Dog-owning readers with even remotely similar experience might be doing some quick mental calculations. And right about now they're concluding that I've spent enough money on Cosmo to buy a pretty good car.But we don't complain about the money, at least not much, because we love our dog. A lot. Which is why his generally gloomy state has cast a pall over the entire house. Dog owners know what I mean. When your dog's not home, the house feels empty. And when he spends all day on his bed seemingly plotting revenge on his human overlords or mentally composing letters to Amnesty International about his mistreatment, it's impossible to escape the contagion of his funk - particularly when he has to wear that cone-shaped collar (which prevents him from nipping at his stitches). He looks up at me from the center of that plastic flower, saying with his eyes "this thing demeans us both."
I bring all of this up for several reasons, chief among them I want to be clear that I understand the desire to make our dogs - and, yes, I suppose cats too - happy.

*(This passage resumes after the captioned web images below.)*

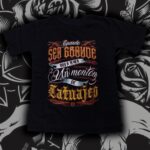 Remera Tatuajes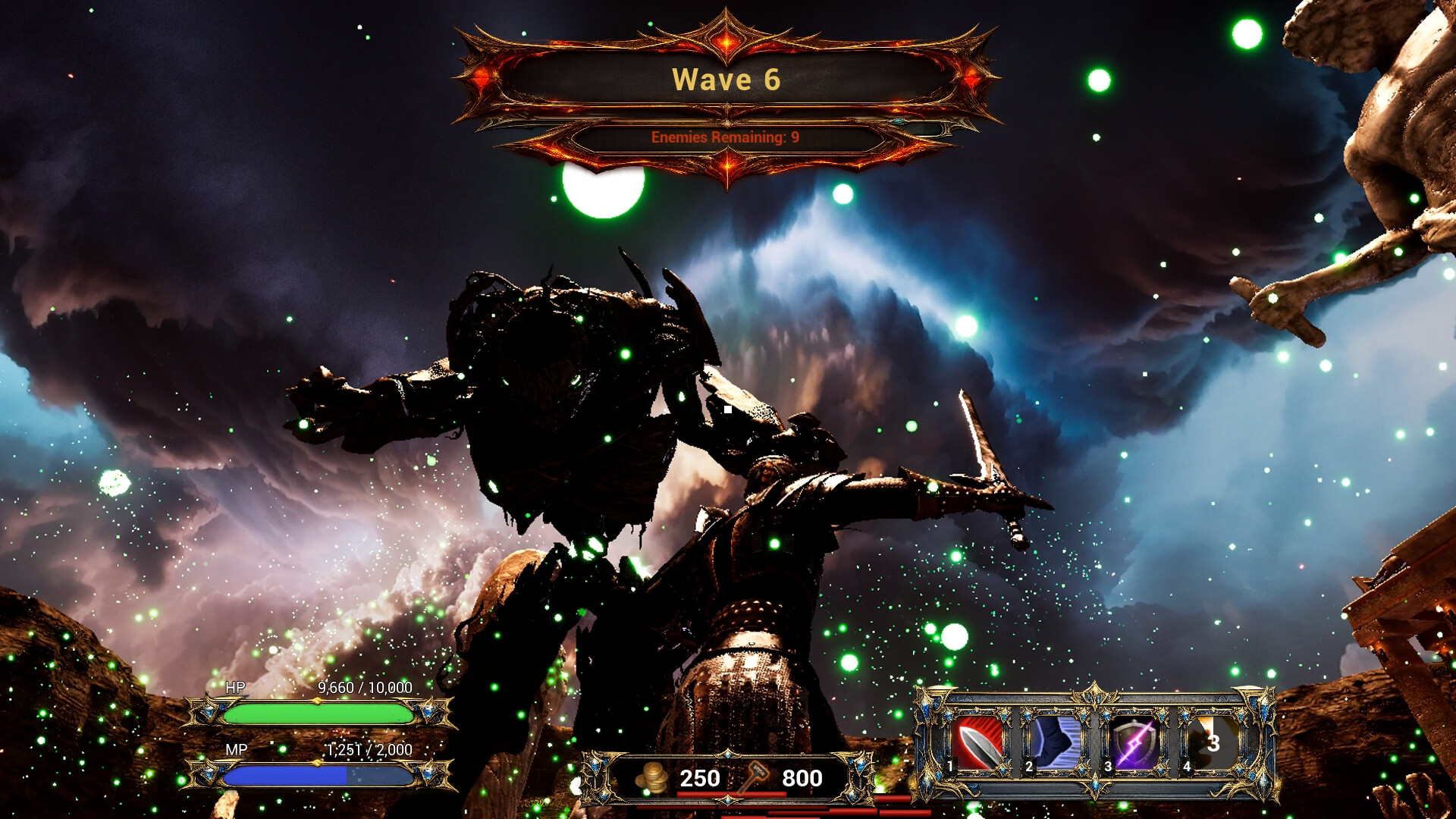 The Inducted screenshot 5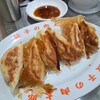 餃子の肉太郎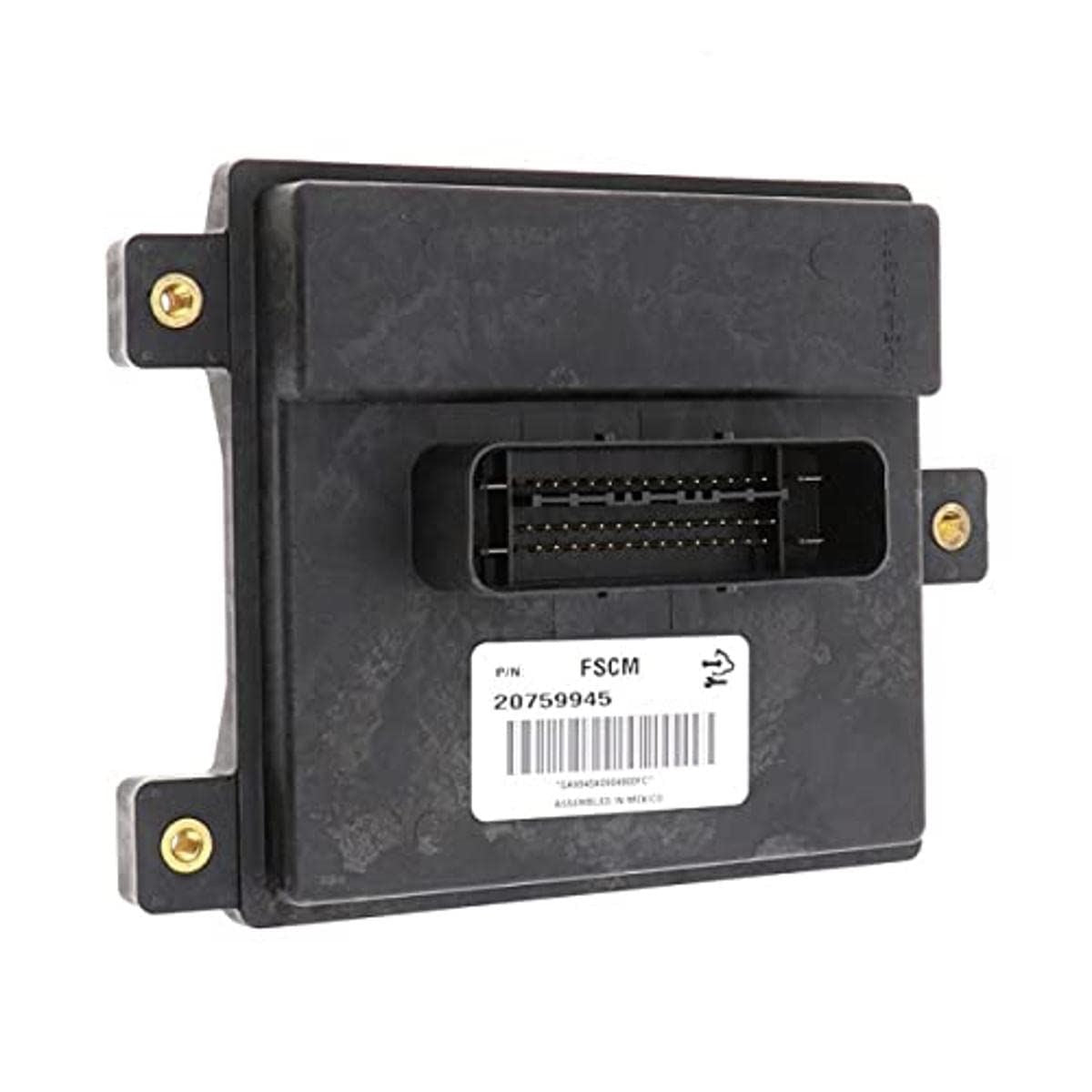 Piezas originales de GM 20759945 Módulo de control de bomba de combustible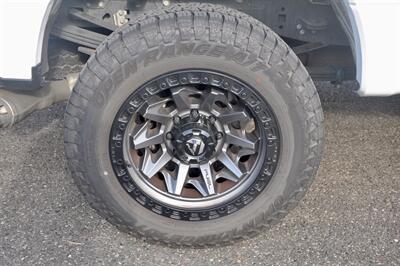 2022 Ford F-350 Super Duty Lariat Ultimate FX4 8' Bed - Photo 15 - Hillsboro, OR 97124
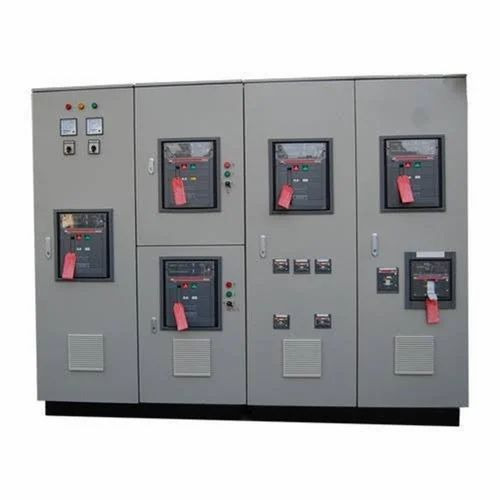 Acb Distribution Panel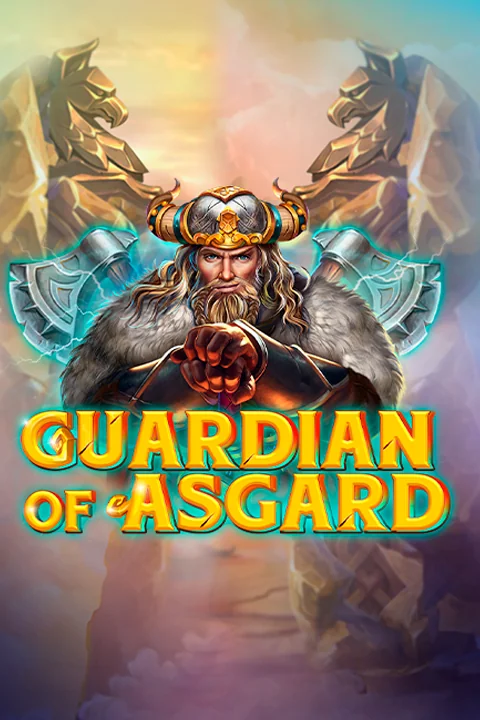 Guardian of Asgard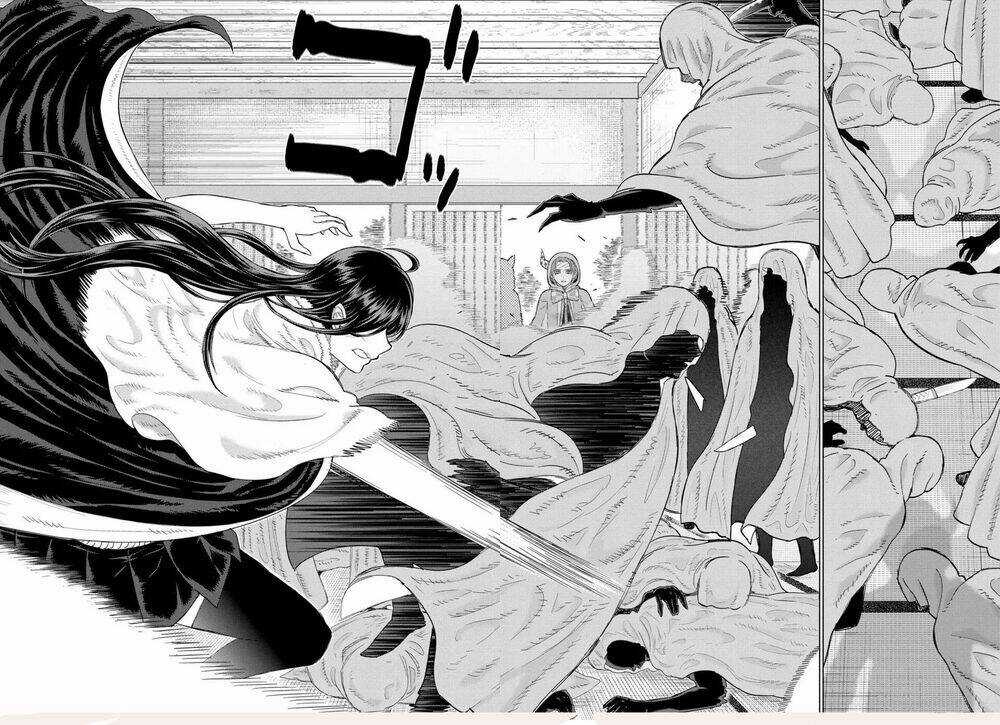 Phù Thuỷ Thời Đại Mới - Chapter 93 - Trang 16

But not all forms of happiness are the same. We spend this money on Cosmo so he can once again personify pure doggie goodness in the many good years he has left. Some people, on the other hand, want to spend money on their dogs to keep them from being doggy.
You may have heard that Eli Lilly, the maker of Prozac, has just launched Reconcile, a chewable, beef-flavored antidepressant. It's designed to lessen separation anxiety for dogs left alone for long periods of time. "A lot of people who have this problem with their pets will come home to a trashed house," a Lilly spokesman told the Associated Press.
I'm sympathetic to better living through chemistry, but isn't there something shameful to this?
Dogs are pack animals. The romance of lone wolves notwithstanding, most canines don't want to be alone. Cosmo is spoiled in this regard. My wife and I work from home, and he's rarely left alone for extended periods of time. (And when he is, he tends to surf the Web using my credit cards. Need an extra metric ton of tennis balls, only slightly chewed?)